Un pays en crise à l’aube de l’élection de 2019
Début 2019, l’Algérie s’apprête à organiser une nouvelle élection présidentielle. Après vingt ans de pouvoir, Abdelaziz Bouteflika souhaite se représenter malgré une santé fragile. L’annonce de sa candidature provoque une vague d’indignation. L’absence du président lors des meetings renforce la colère populaire.

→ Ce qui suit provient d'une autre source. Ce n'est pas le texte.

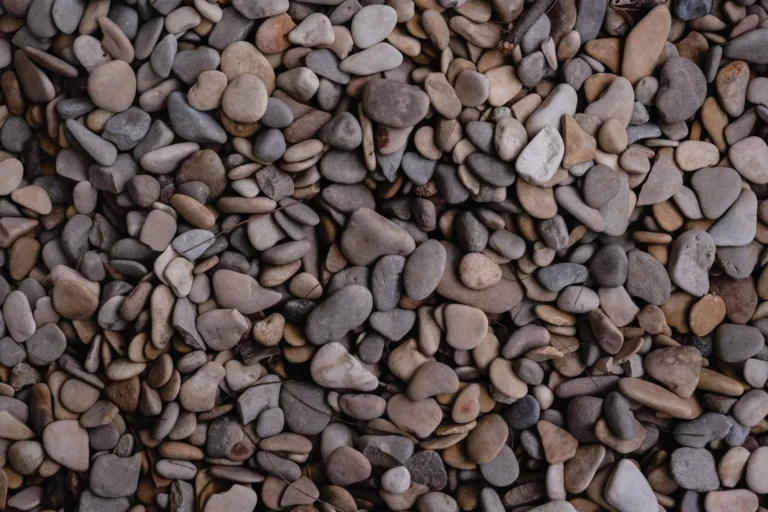 River Rock Landscaping Ideas: 15 Low-Maintenance Ways to Use Decorative Stone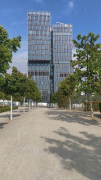 In front of "Pauline im Europagarten": FAZ Tower without construction cranes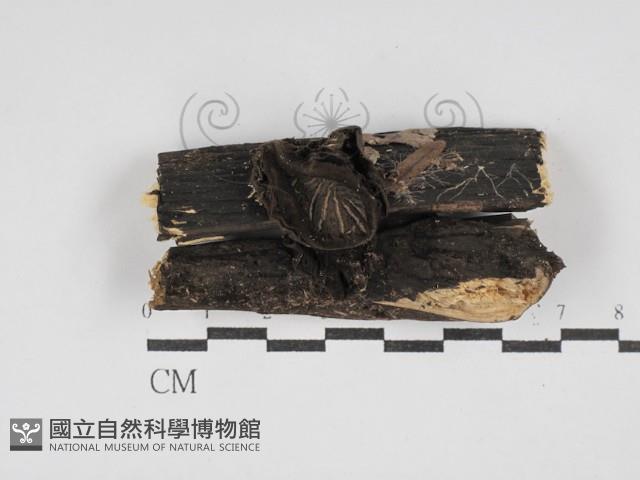 登錄號:F0030056藏品圖，第3張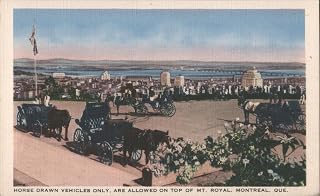 Horse Drawn Vehicles, Mt. Royal Look-out, Montreal, QUE Montreal, Quebec QC Original Postcard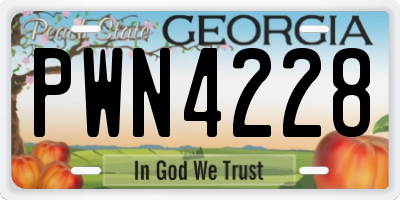 GA license plate PWN4228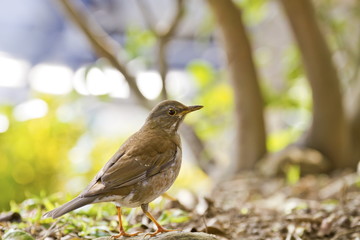 Pale Thrush,Turdus pallidus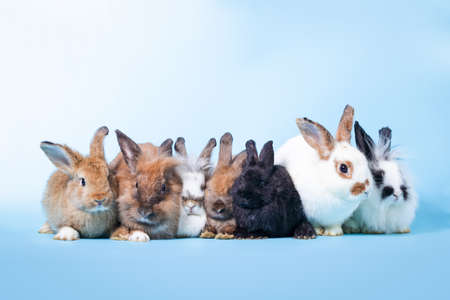 A group of cute little bunny On the floor, light blue backdrop. Mammal Concepts and Easter Festival....
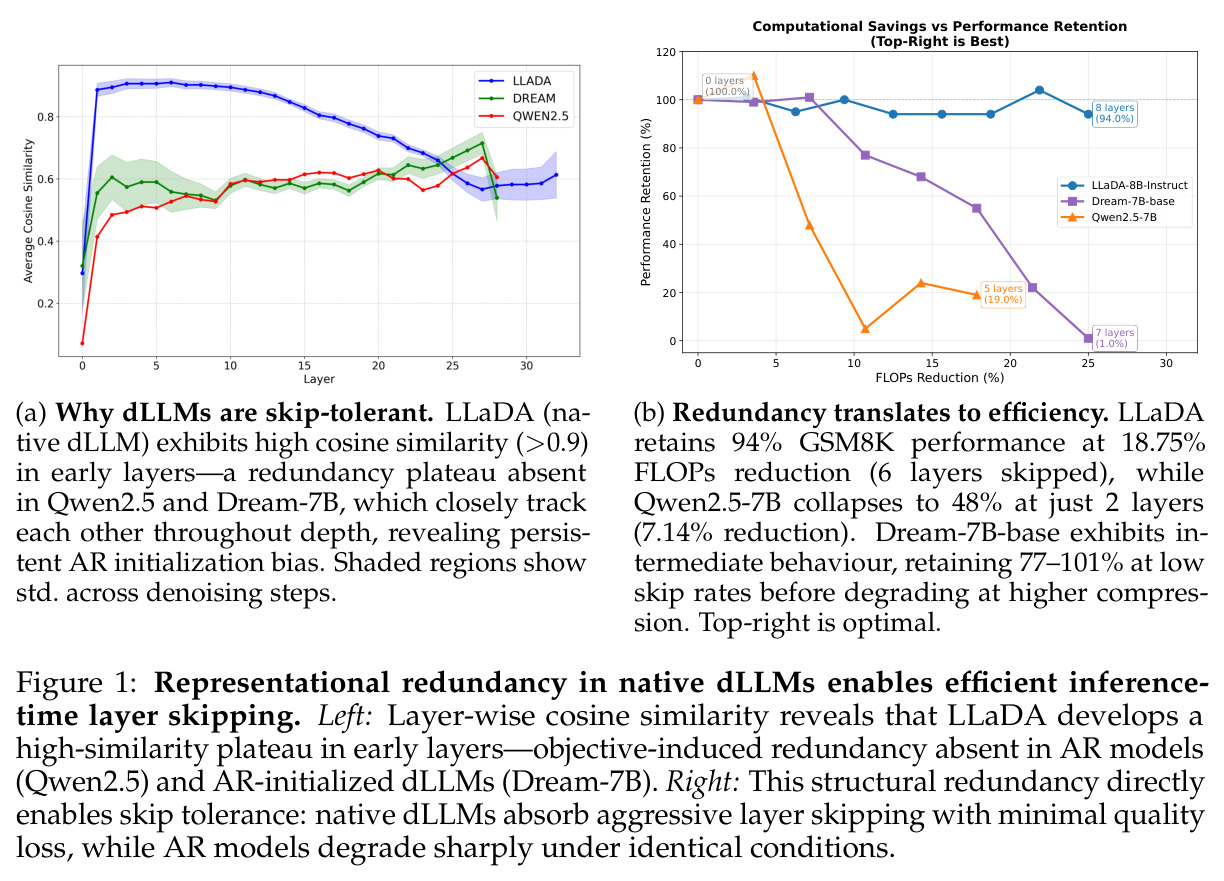 Representational redundancy in native dLLMs enables efficient inference-time layer skipping.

La naissance du Hirak et la contestation massive
Le 22 février, des millions d’Algériens descendent dans la rue. Ils rejettent l’idée d’un cinquième mandat et réclament un changement profond. Chaque vendredi, la mobilisation s’amplifie. Face à cette pression, Bouteflika renonce à se présenter, mais tente de prolonger son mandat en reportant l’élection. L’armée s’oppose à cette stratégie.

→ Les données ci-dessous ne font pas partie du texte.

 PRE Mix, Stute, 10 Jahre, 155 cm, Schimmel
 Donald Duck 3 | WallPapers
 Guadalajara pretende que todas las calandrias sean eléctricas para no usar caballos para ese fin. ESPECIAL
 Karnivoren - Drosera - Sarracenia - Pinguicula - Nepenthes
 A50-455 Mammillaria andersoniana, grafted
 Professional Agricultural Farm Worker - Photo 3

Le rôle secret du général Toufik dans les coulisses
En mars, quatre hauts responsables se réunissent discrètement. Parmi eux, Saïd Bouteflika et le général Toufik. Leur objectif est de maintenir le président au pouvoir et de contrer l’armée. Leur initiative échoue. Bouteflika démissionne le 2 avril. Les manifestations continuent et Toufik est arrêté en mai, accusé de complot contre l’État et l’armée.
Un maître-espion déchu mais toujours influent
Malgré sa chute, le général Toufik reste une figure majeure du renseignement algérien. Son parcours illustre la puissance des services secrets dans la vie politique du pays. Son histoire continue de susciter débats et analyses, tant son empreinte demeure profonde.